Sunday, October 30, 2016

Kat's Korner: Chris Brown's all mixed up on his mixed tape

Kat:  Friday, ATTACK THE BLOCK dropped.  It's the new mixtape from Chris Brown -- his OHB Crew and Section Boyz.






Brown's 2009 felony assault sentence remains his strongest identifier.  On the plus side, that was seven years ago and his mix ups with the law since have not involved assaulting women.

And his music has certainly given us more to focus on.

With this release, Brown continues giving us something else to talk about as well as shake our asses to.

Of the 16 tracks, "Cherry Red" is the strongest (Ray J and TJ Luva Boy throw some assistance to Chris on this track).  It's so great it really makes you groan over the tension headache that is the opener:



I got too many felonies, my PO keep tellin' me
To piss in a cup, don't give a f**k, I'm 'bout to smoke my weed
Plottin' in the club, man I wish a ni**a plot on me
Thinkin' you gon' ball, I'mma slide, you gon' rest in peace
I got a couple fans in my hand right now
Me and all my homies, know these bitches only f**k with Gs
Now I can see why you hatin' me
All these bitches in the back of VIP, made that pu**y leak
I can't give that hoe a place to sleep, but that pu**y free


That bragging temper tantrum is dubbed "Don't F**k With Us" and it's groove doesn't redeem the fact that Chris is too old and too talented to be back in his terrible threes.

I get it.

I do.

He thinks he's got to protect the rep.

But at some point, he's going to have to decide if he's singing to change the world he's so obviously ticked off with or if he's just wallowing.
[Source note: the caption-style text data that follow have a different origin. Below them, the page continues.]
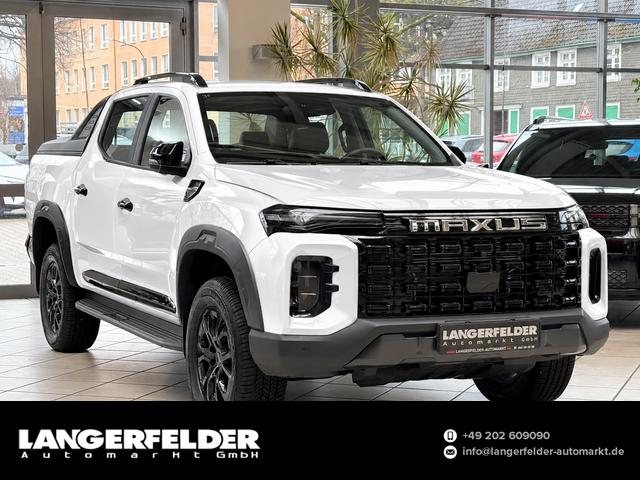 Maxus T60 Max - 2.0 Diesel 4WD Luxury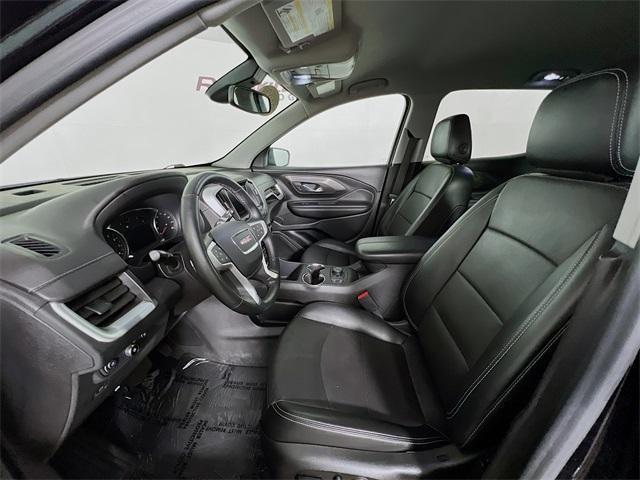 Photo of 2023 Ebony Twilight Metallic GMC Terrain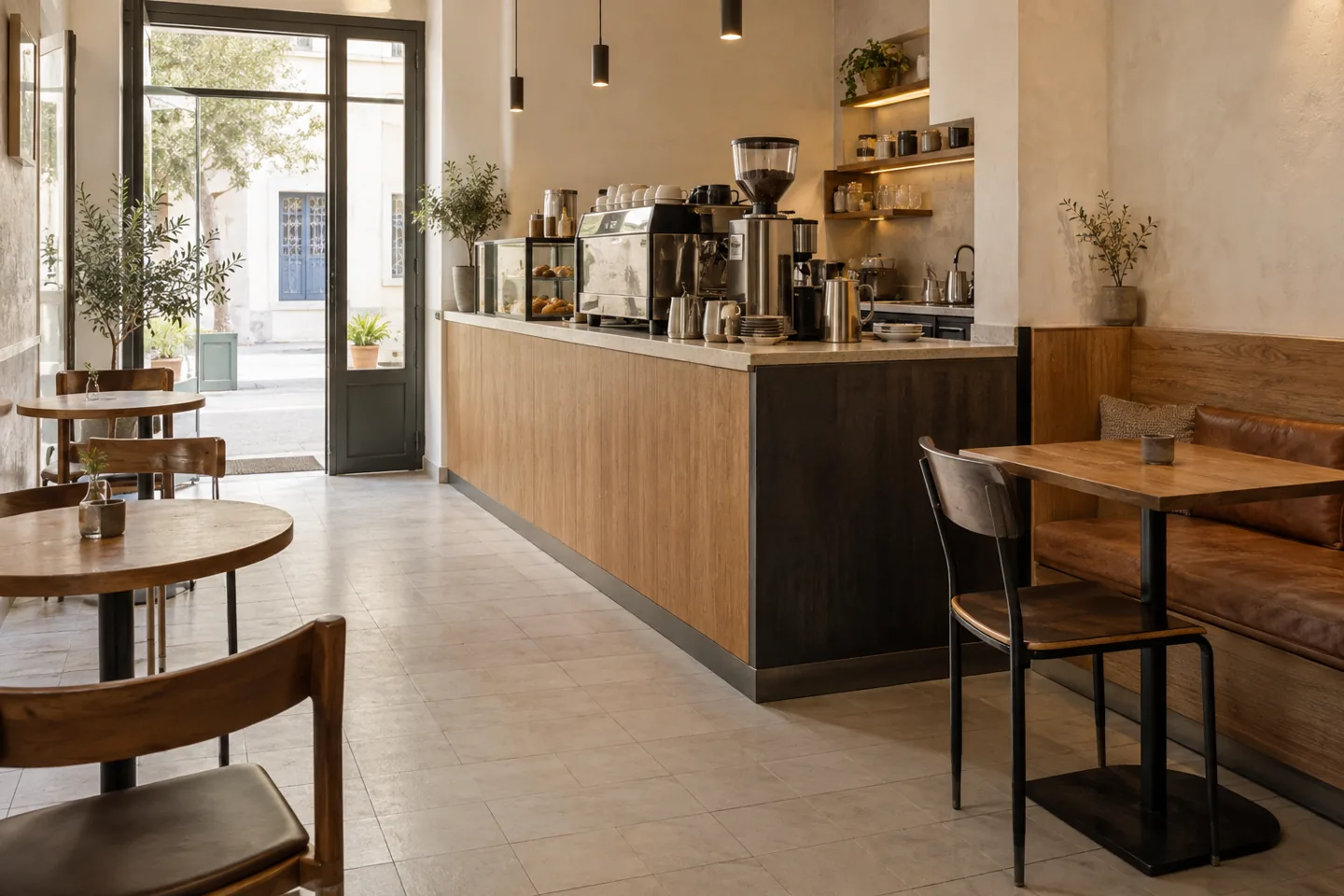Inspiration : Le comptoir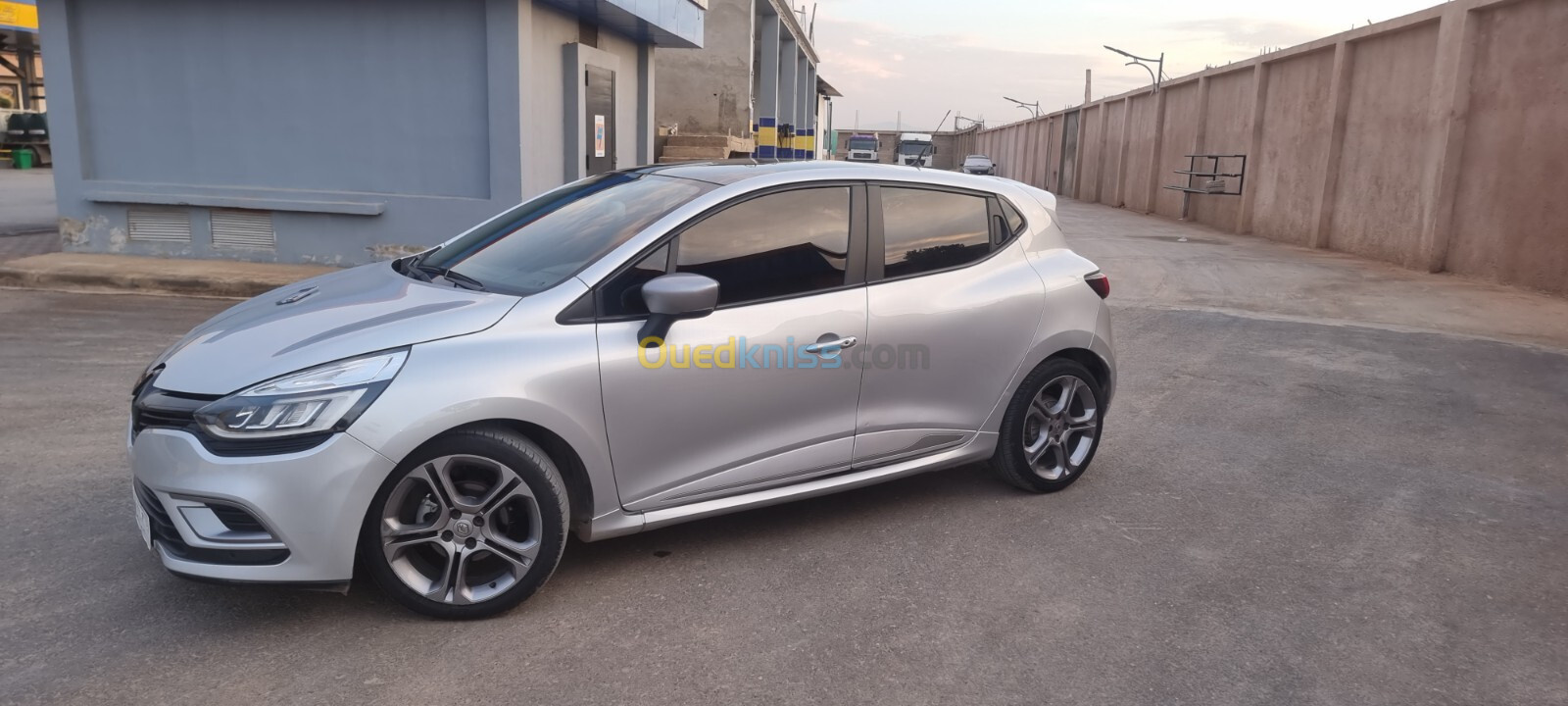 Renault Clio 4 2019 gt line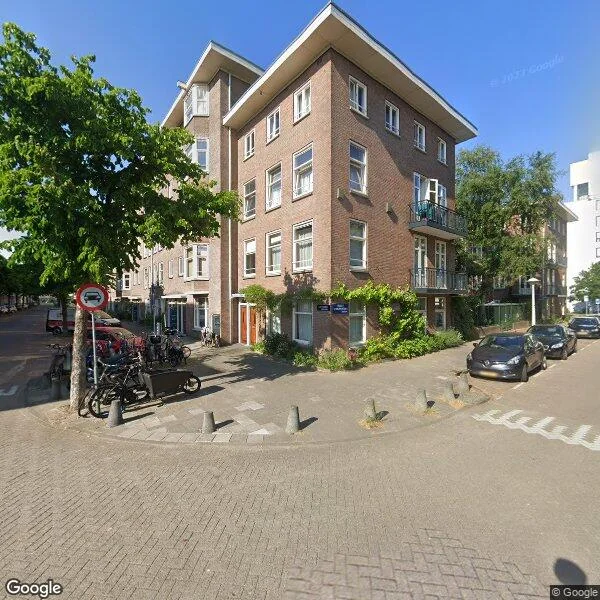 Straatbeeld van Griftstraat 55-1, 1079XZ Amsterdam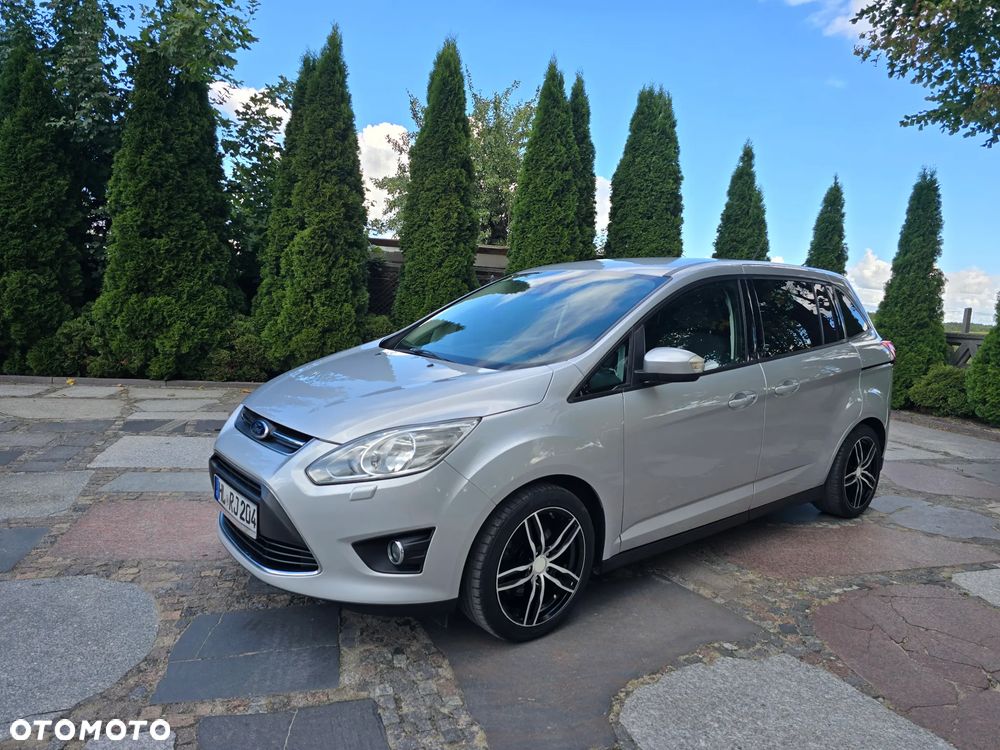 Ford Grand C-MAX 1.0 EcoBoost Titanium ASS - 15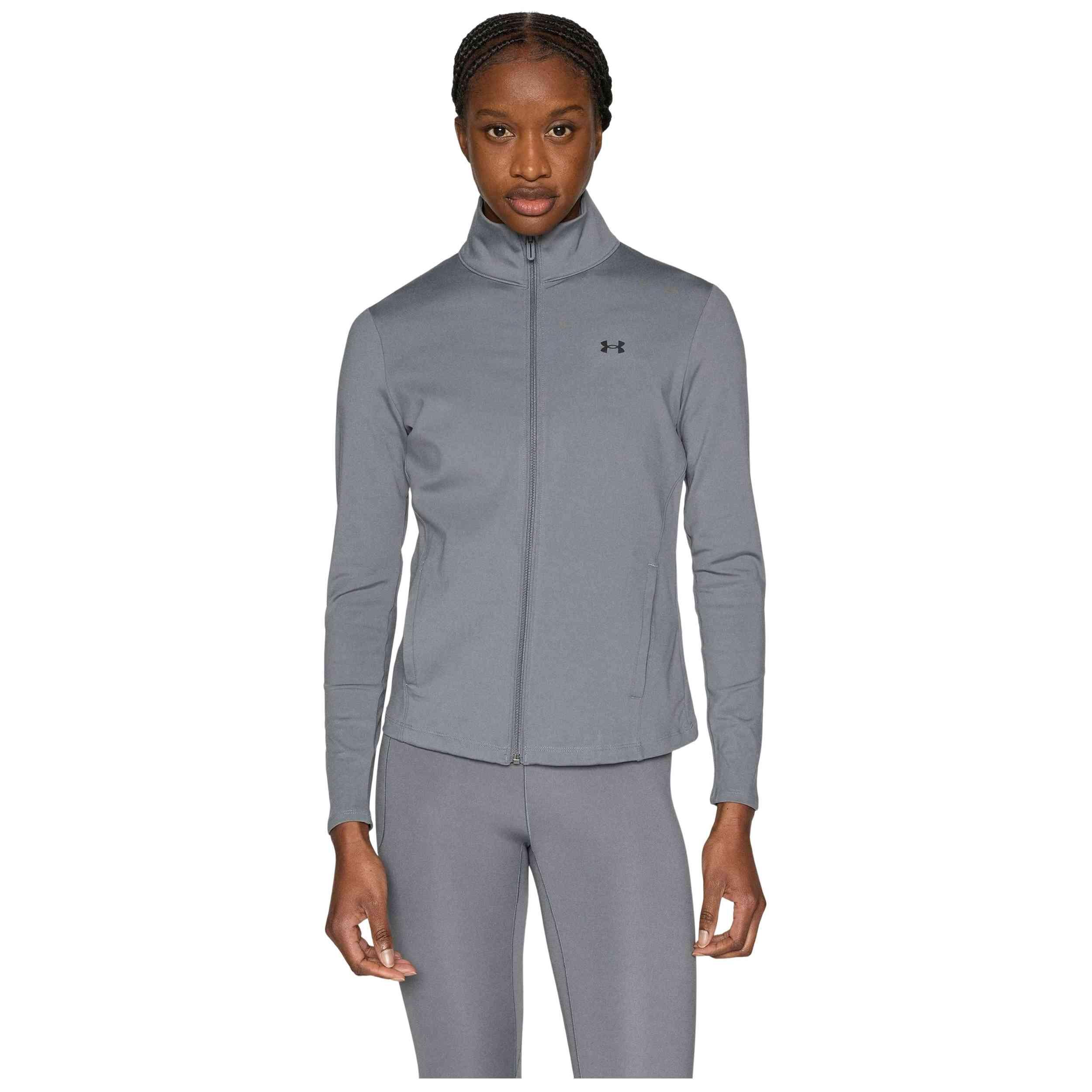 Trainingsjack Under armour model 1388650-709 voor vrouwen 2/5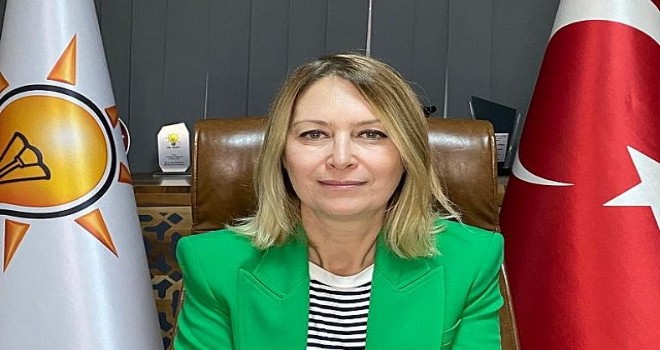 AK Parti İlçe Başkanı Keseli belediye başkan aday adaylığı için görevini bıraktı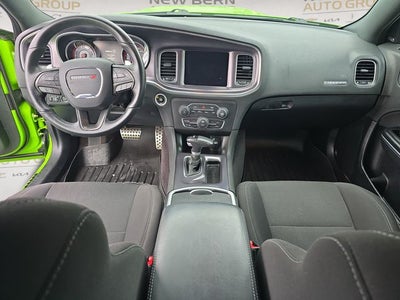 2017 Dodge Charger R/T Scat Pack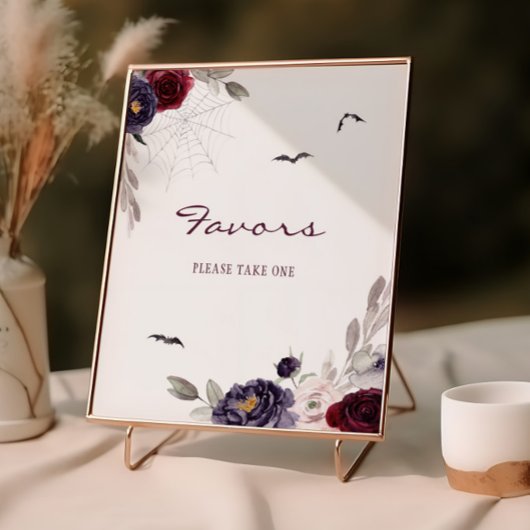 ベビーがハロウィーンの恩恵を醸造している ポスター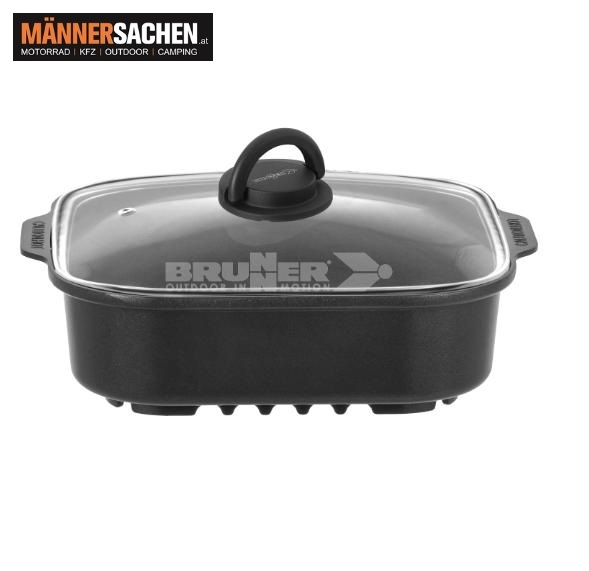 BRUNNER Kasserole DEVIL SQUARE PAN 0708026N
Let's be clear that the track I praised earlier, "Cherry Red," it's not Stevie Wonder doing "I Just Called To Say I Love You" or Roberta Flack offering up "Feel Like Making Love."

It's raunchy as hell.

The lyrics are, at best, questionable.

So when I'm complaining about "Don't F**k With Us," I'm not talking about taking a bar of soap to Chris Brown's mouth.

I'm talking about the difference between his capturing a narrative and using it to uplift -- or he could use it to object even.  I'm talking about him doing something that offers a vision.

As opposed to the trite.

You can grind to "I Already Love Her" but the lyrics are something else.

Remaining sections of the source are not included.